--- ENTRIES PROVIDED Enclosed Below ---

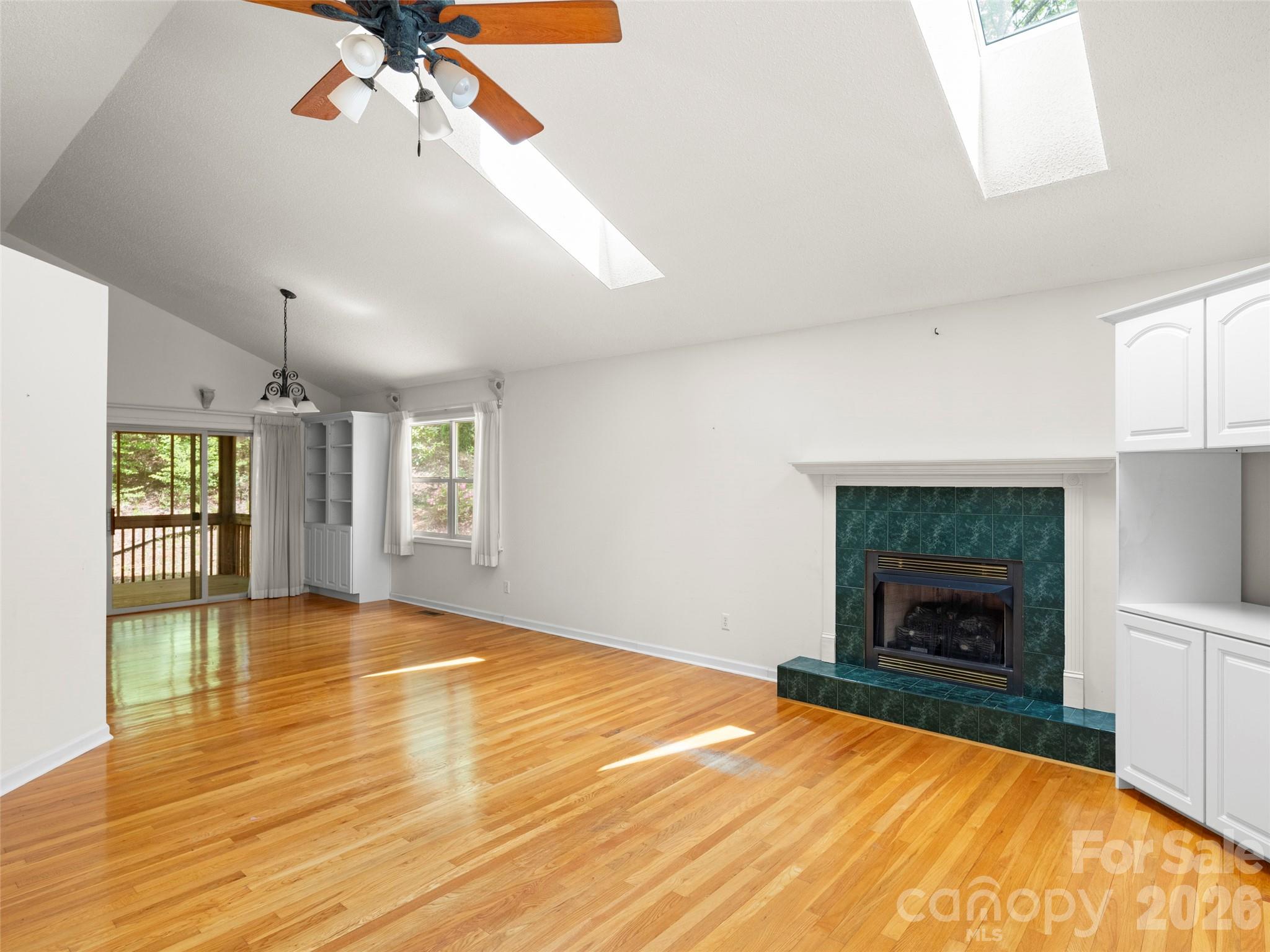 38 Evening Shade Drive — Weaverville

--- End of Enclosed ENTRIES PROVIDED ---
--- ENTRIES PROVIDED Enclosed Below ---

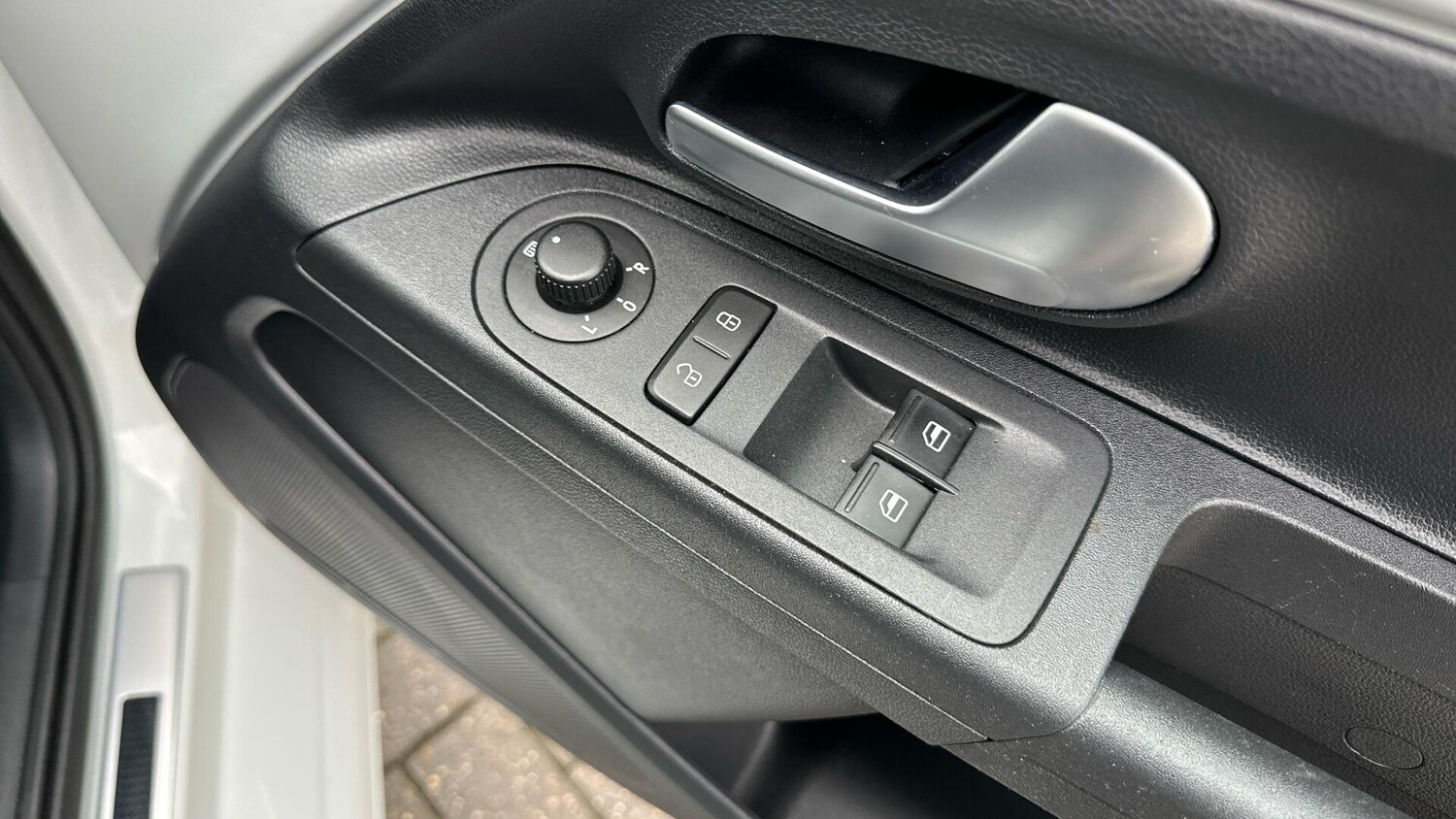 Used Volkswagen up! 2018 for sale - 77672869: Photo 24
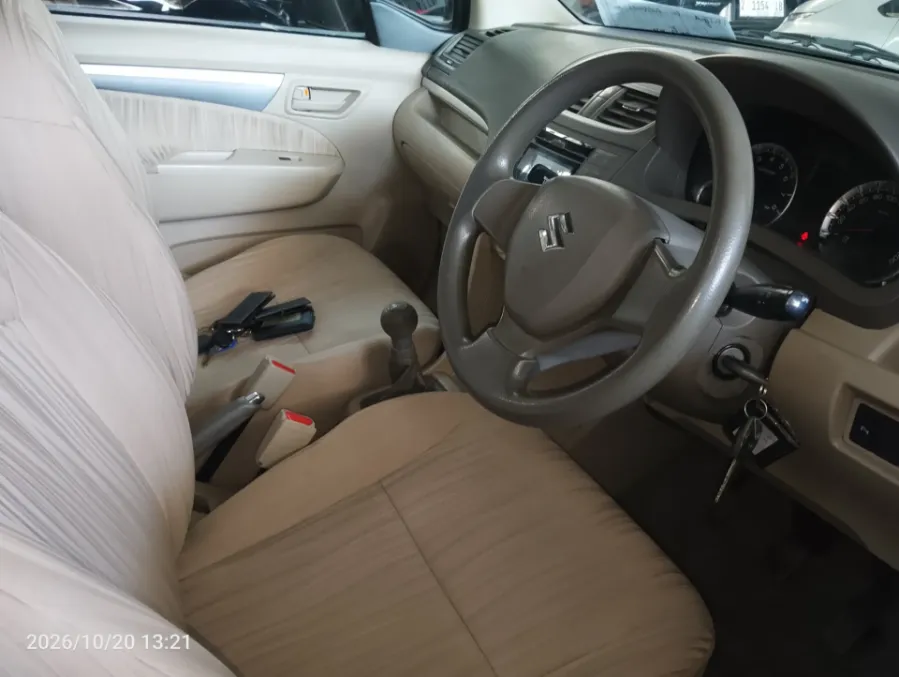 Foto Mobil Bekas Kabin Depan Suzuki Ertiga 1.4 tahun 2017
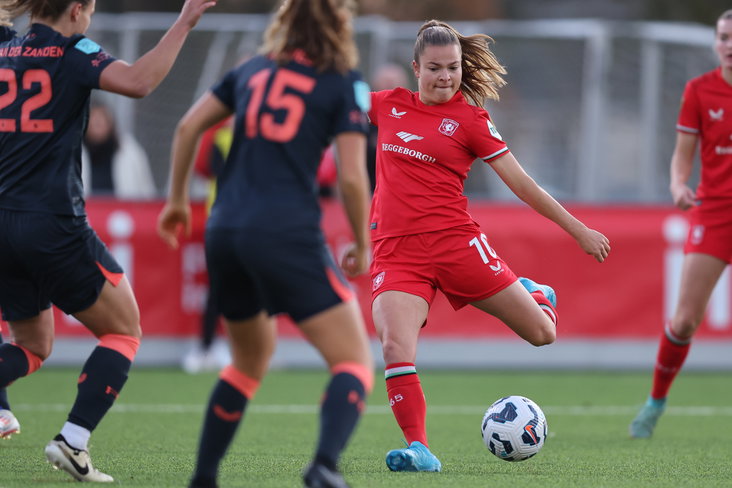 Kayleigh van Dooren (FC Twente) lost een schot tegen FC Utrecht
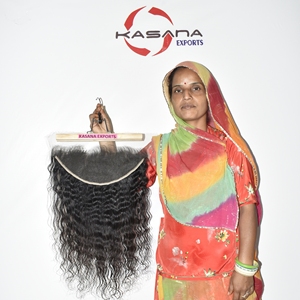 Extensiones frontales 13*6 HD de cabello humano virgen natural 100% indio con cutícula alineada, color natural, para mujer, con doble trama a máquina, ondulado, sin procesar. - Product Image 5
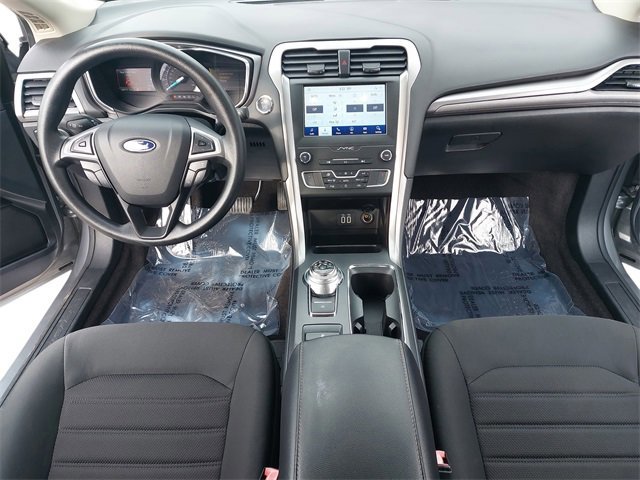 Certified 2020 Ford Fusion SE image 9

--- End of Enclosed ENTRIES PROVIDED ---

#### EXERCISE INSTRUCTIONS
What you write out is the stretch of entries from the line containing "Foto Mobil Bekas" to the line containing "Certified 2020 Ford Fusion SE image 9", word for word, with both end lines and no pictures.

#### RESULT
 Foto Mobil Bekas Kabin Depan Suzuki Ertiga 1.4 tahun 2017
 Kayleigh van Dooren (FC Twente) lost een schot tegen FC Utrecht
 Extensiones frontales 13*6 HD de cabello humano virgen natural 100% indio con cutícula alineada, color natural, para mujer, con doble trama a máquina, ondulado, sin procesar. - Product Image 5
 Certified 2020 Ford Fusion SE image 9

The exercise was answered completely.